Behind the Mask - October 2017
by Dawn Phelps, RN/LMSW

The summers in Tennessee are usually hot and sunny, and the cool water of a small stream which we called “the branch” was a fun place to play when my sisters and I were at our grandmother’s house.  But that same branch took on a totally different atmosphere when we dressed up like ghosts and goblins and trekked up the hollow on Halloween night to visit an older couple in a small cabin. 

We wore old clothes, several sizes too big, and masks which we re-wore year after year—there were no store-bought costumes.  By October 31, the warm days of summer were usually gone, replaced with the chill of autumn.  I remember shivering from the cold, wishing I had worn a coat, but also not wanting to cover up my costume.  

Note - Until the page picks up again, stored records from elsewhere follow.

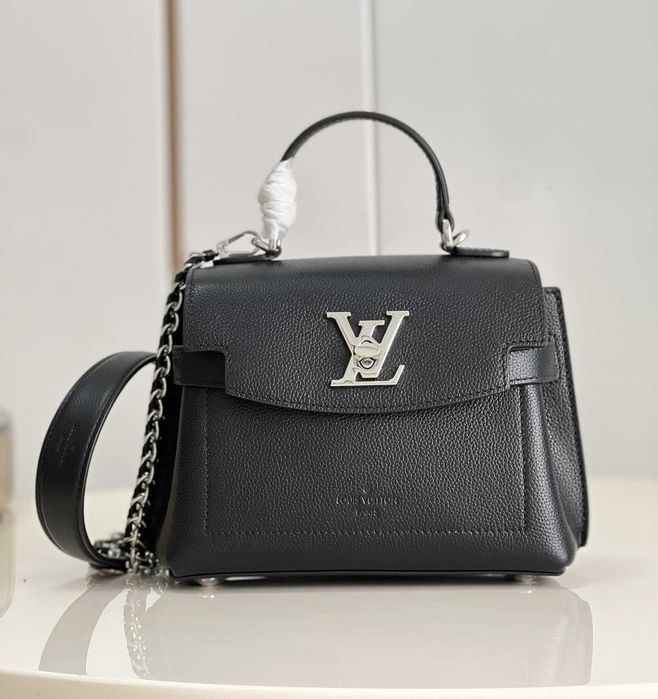 Geanta Louis Vuitton Lockme Ever mini, 23 x 17 x 10 cm, Premium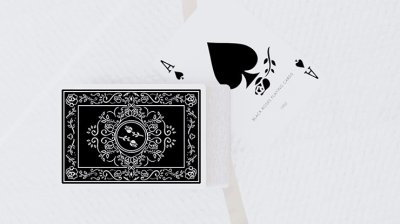 画像1: Black Roses Playing Cards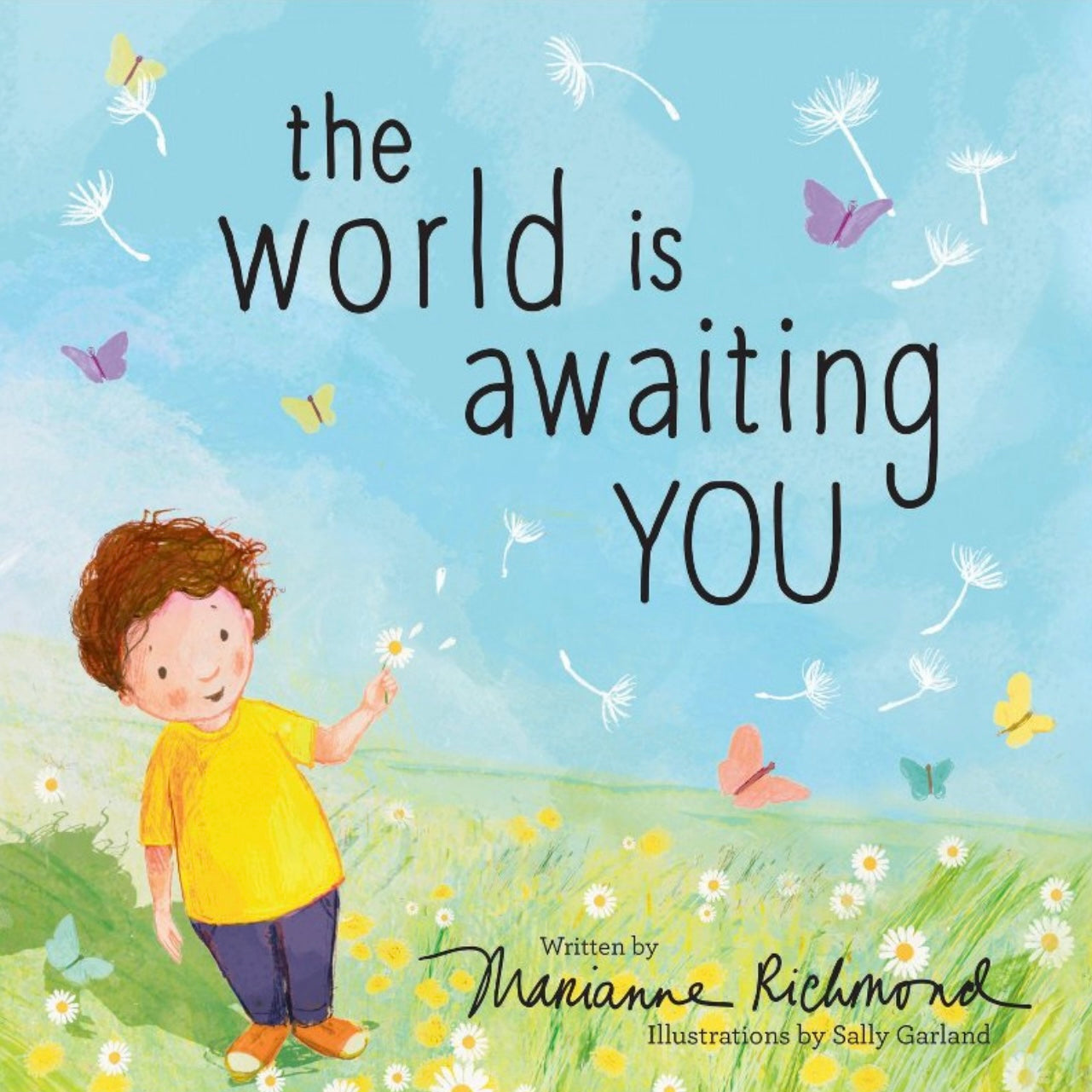 Book The World is Awaiting You
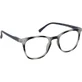 EYELEAD E246 Gafas Presbicia Negro-Diafano Granulado 3.50
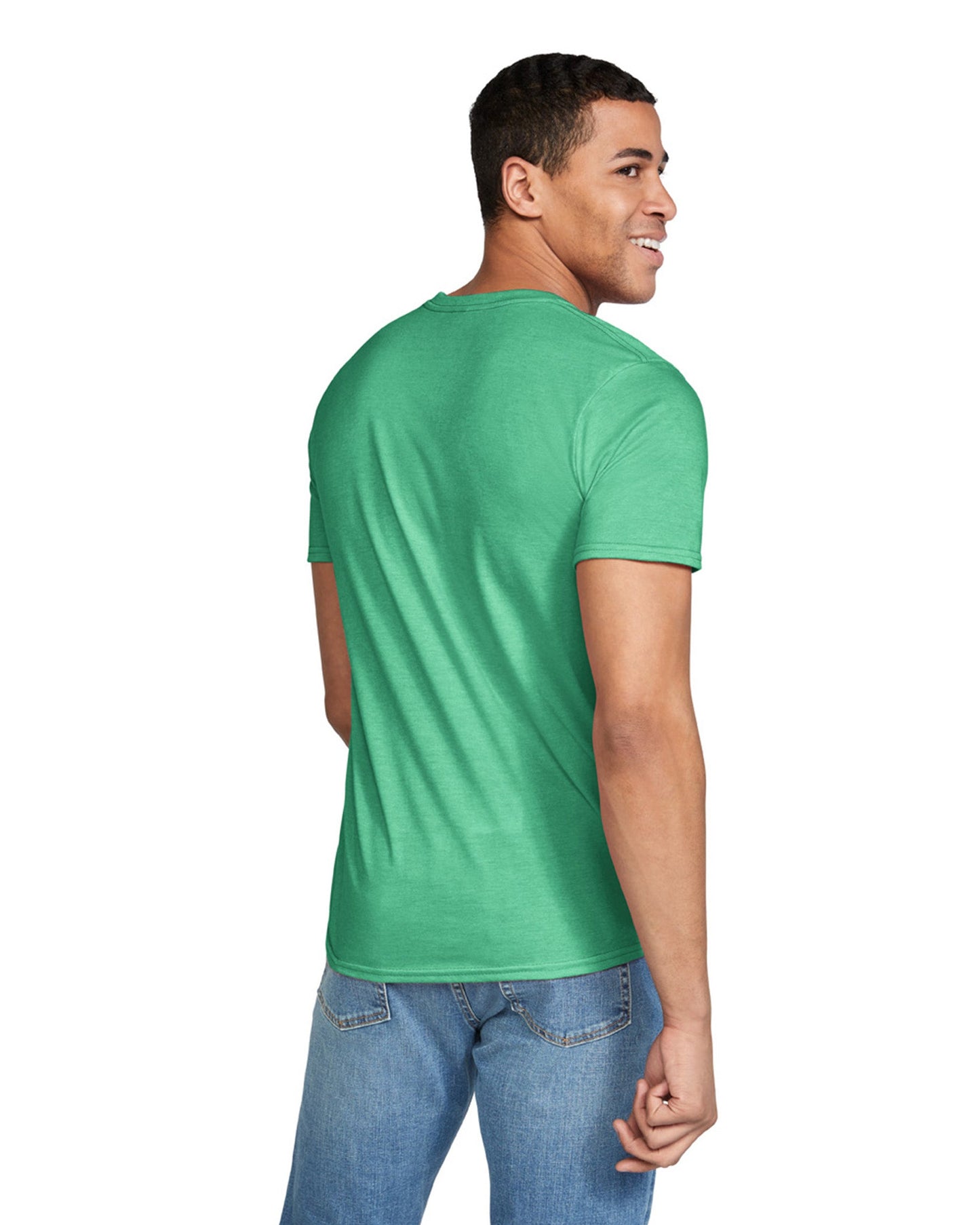 2X-Large Htr Ir Green Gildan 64000 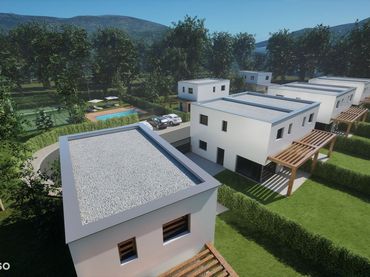 Adossat amb jardí en venda a Vacarisses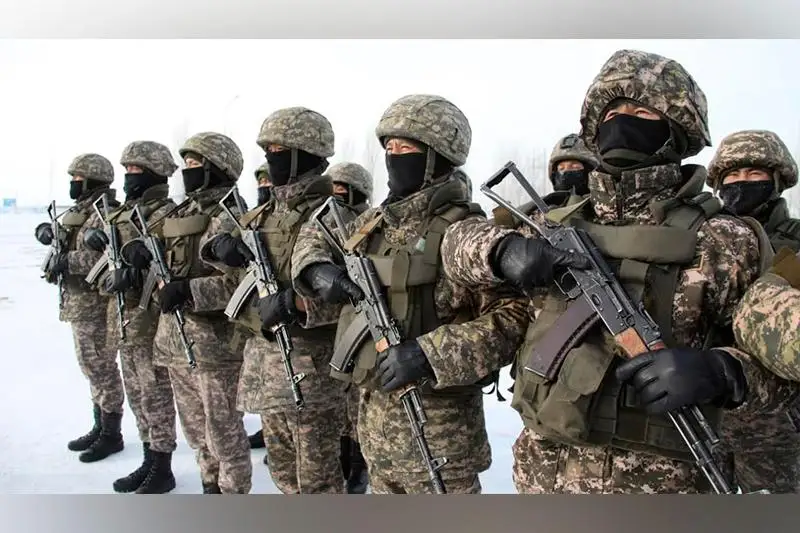 Внесены изменения в программу боевой подготовки казахстанской армии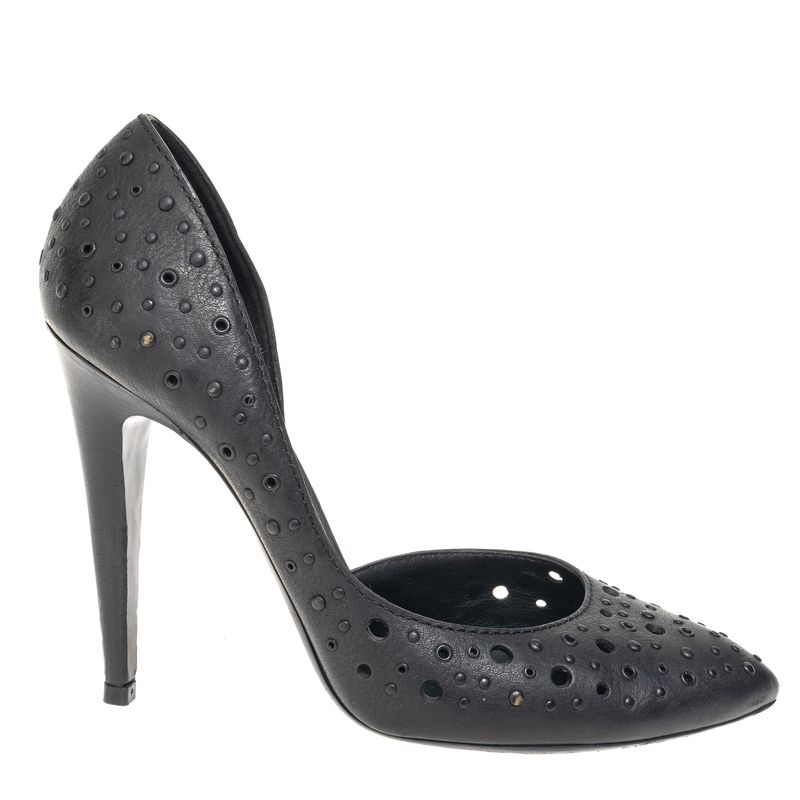 Sapato-de-Salto-Bottega-Veneta-Aplicacoes-Preto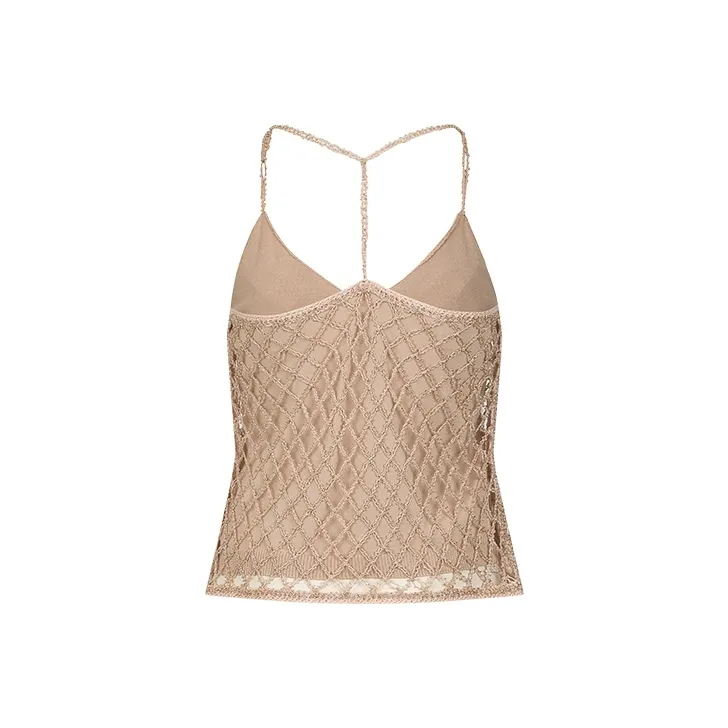 URBAN REVIVO Knitwear Women's Nude Pink-1
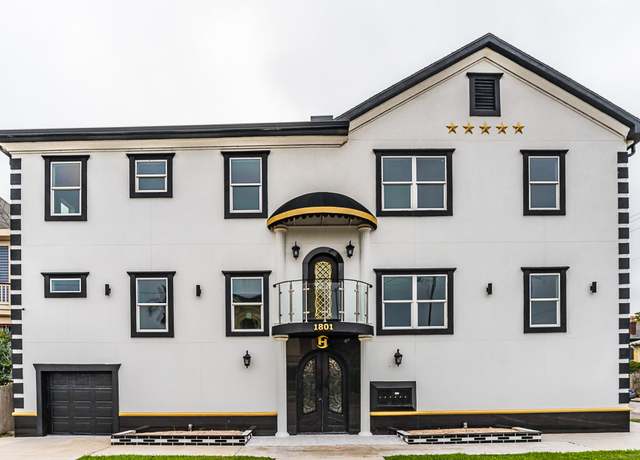 Property at 1801 25th St, Galveston, TX 77550, 3 beds, 3 baths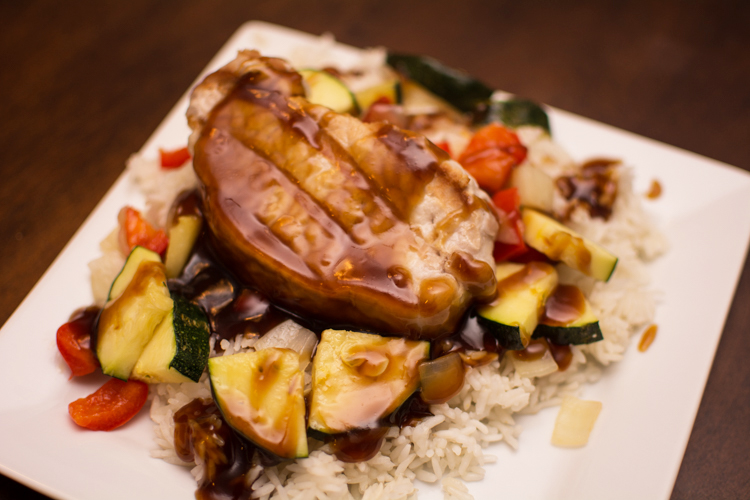 Grilled hawaiian pork chops hotsell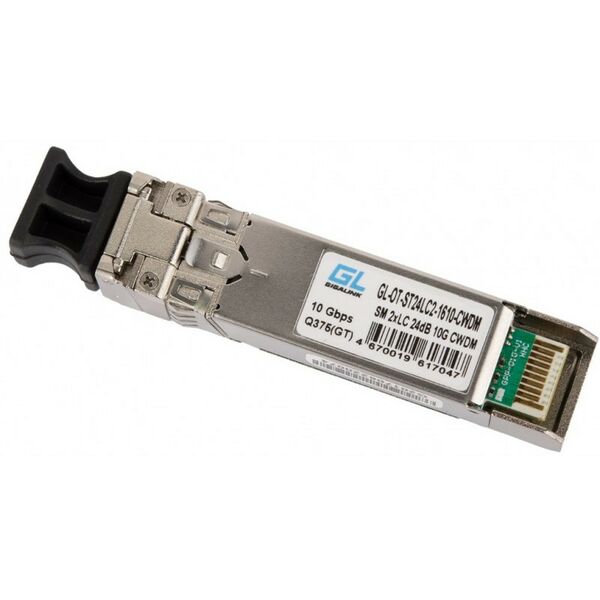 Медиаконвертеры и модули: Модуль Gigalink GL-OT-ST24LC2-1490-CWDM SFP+ CWDM, 10Гбит/c, два волокна, SM, 2xLC, 1490нм, 24dB фотографии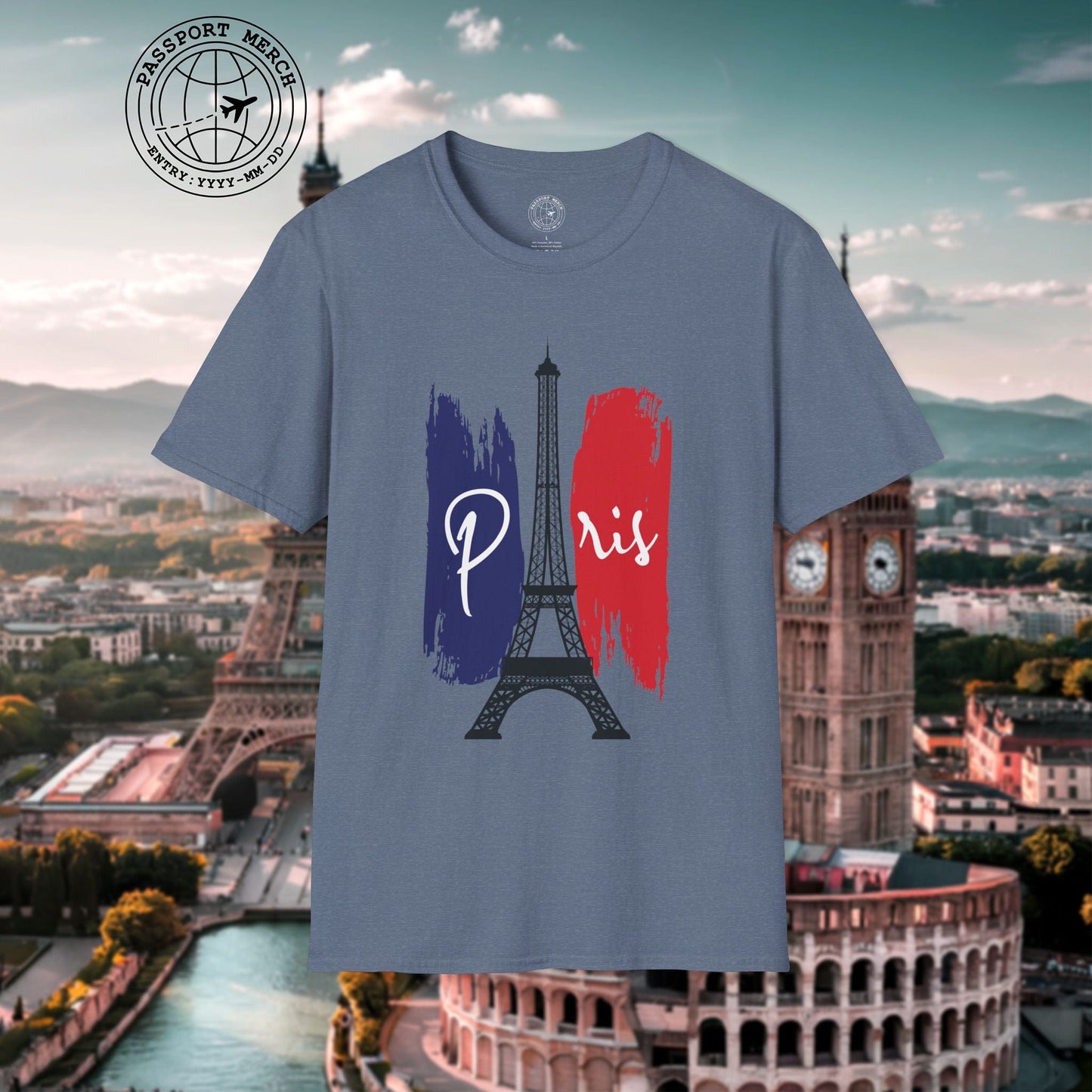 Impressions of Paris France T-Shirt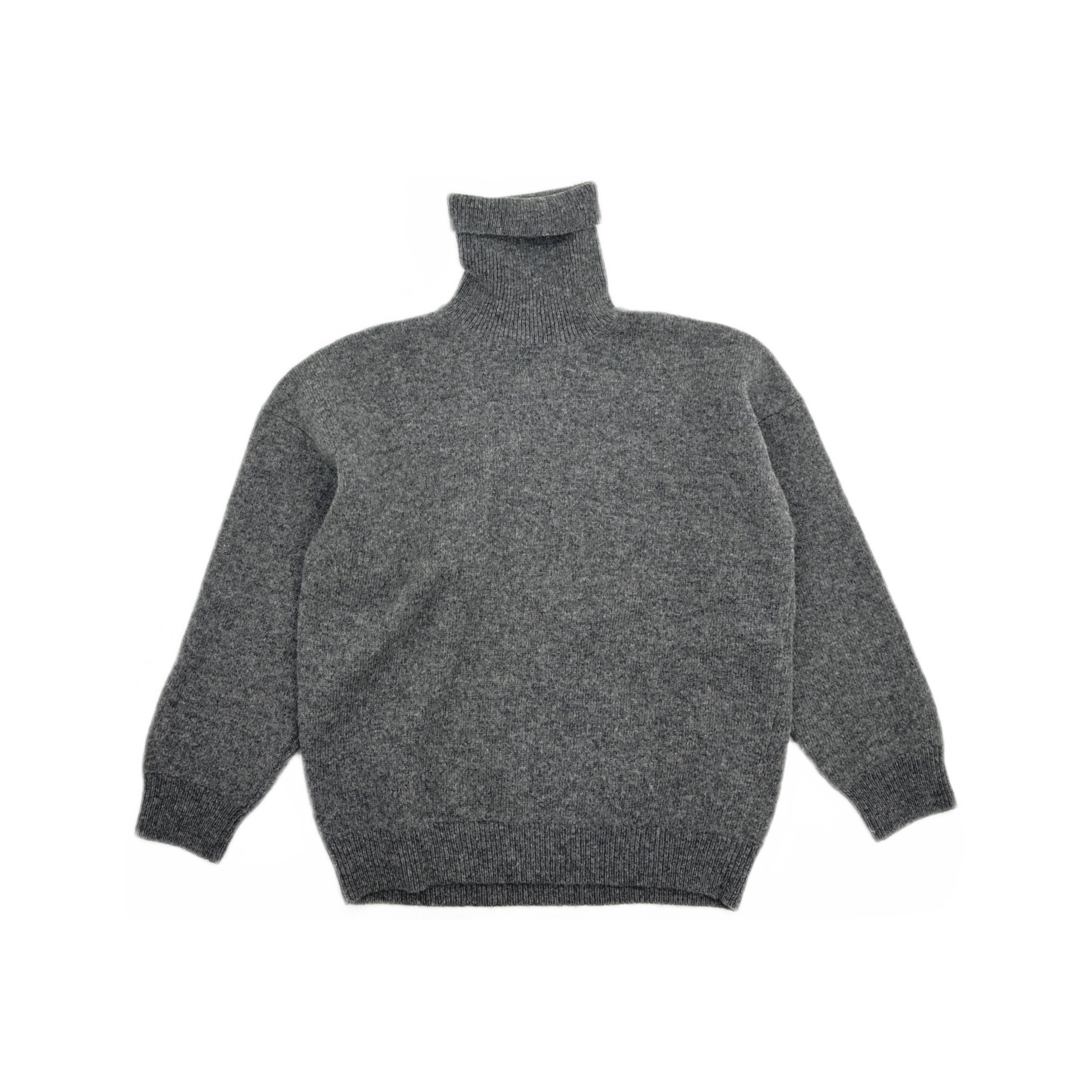Celine CELINE Wool Cashmere Turtleneck Sweater Size S Size US S / EU 44-46 / 1 - 1 Thumbnail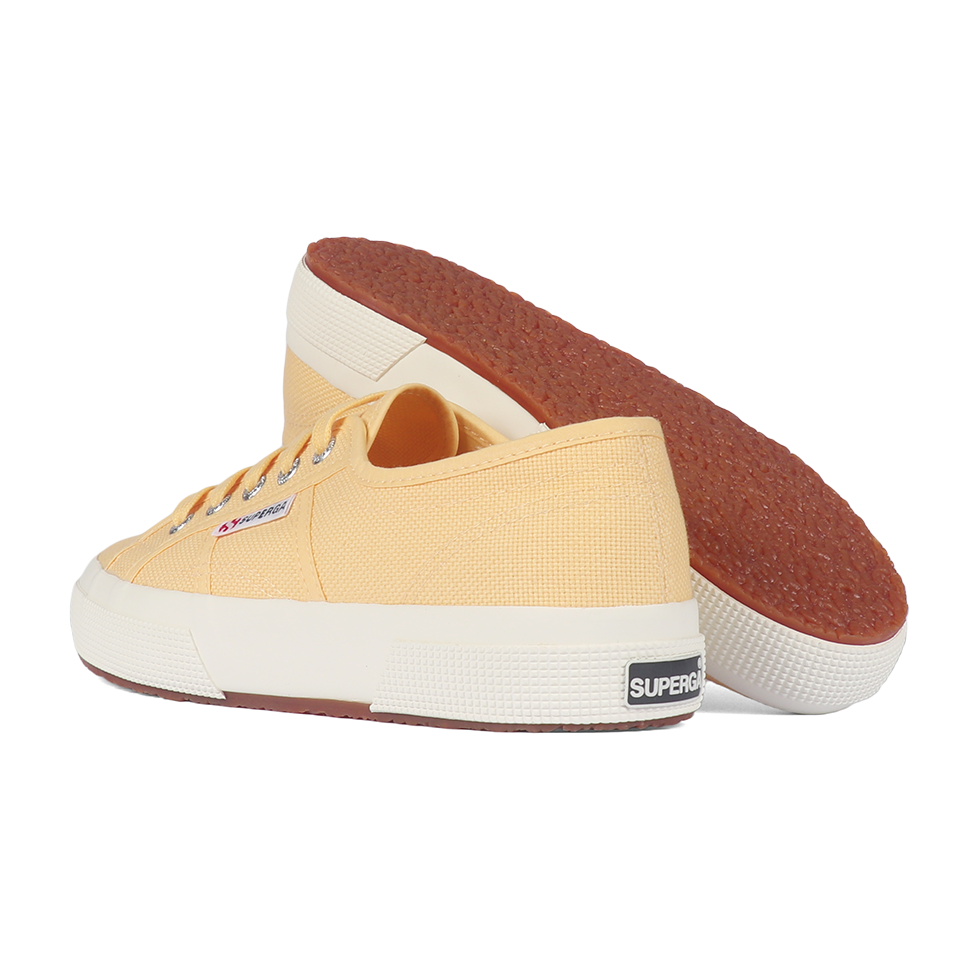 Superga Classic 2750 Yellow Full Avorio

Traveling up the branch in the dark was not easy, and sometimes we stumbled.  We had to walk single file on a narrow path, following my sister Joy who was five years older.  She held the only flashlight that lit the path in front of us, and we had to trust that she knew the way to the cabin in the hollow as we crossed the stream with its many crooks and turns.      

To complicate things, my mask seemed to migrate around on my face and the “eye holes” did not stay in place, so I had to adjust my mask frequently in order to see.  Walking up the stream in the dark was very ominous compared to the daytime when sun lit our way from overhead.  There were times that I wondered just “what” might be watching from the darkness—wild animals, ghosts, or some unknown critter?   

When we finally arrived at the cabin in the woods, the older lady who we called Aunt Mandy greeted us at the door.  We approached her with our “Boooos” in our scariest voices.  To our delight, Aunt Mandy acted as if she were terrified of us, like we were real goblins about to get her.

Looking back, I now know that Aunt Mandy knew who each of us were hiding under our make-shift costumes and old masks.  She recognized us by our stair-step sizes and our voices—Aunt Mandy was not fooled by us at all!    

During the month of October, you may remember times when you dressed up for Halloween or other times in your childhood when you tried to camouflage who you really were or what you were feeling. 

The use of camouflage has a purpose—to help soldiers hide from the enemy or help hunters sneak up on their prey.  And nature is a master of camouflage—animals, birds, insects, fish, and snakes camouflage themselves by changing their colors to blend in with their environments.

Chameleons and octopuses change their skin pattern and colors, and the white fur of polar bears blend with the snow around them.  Some fish are darker on their top side so they blend with surface of the water, and their underside is lighter so other larger fish do not easily see them.  Some insects look like leaves, and arctic foxes have brown fur in the summer and white fur in the winter.   

In a world of camouflage, it is no wonder adults have learned to disguise their feelings and circumstances, beginning at very early ages.  For instance, the rumbling sound of an empty tummy may let a teacher know that a young child had no breakfast before coming to school—the child may be embarrassed to tell anyone he is hungry or that there was no food at home.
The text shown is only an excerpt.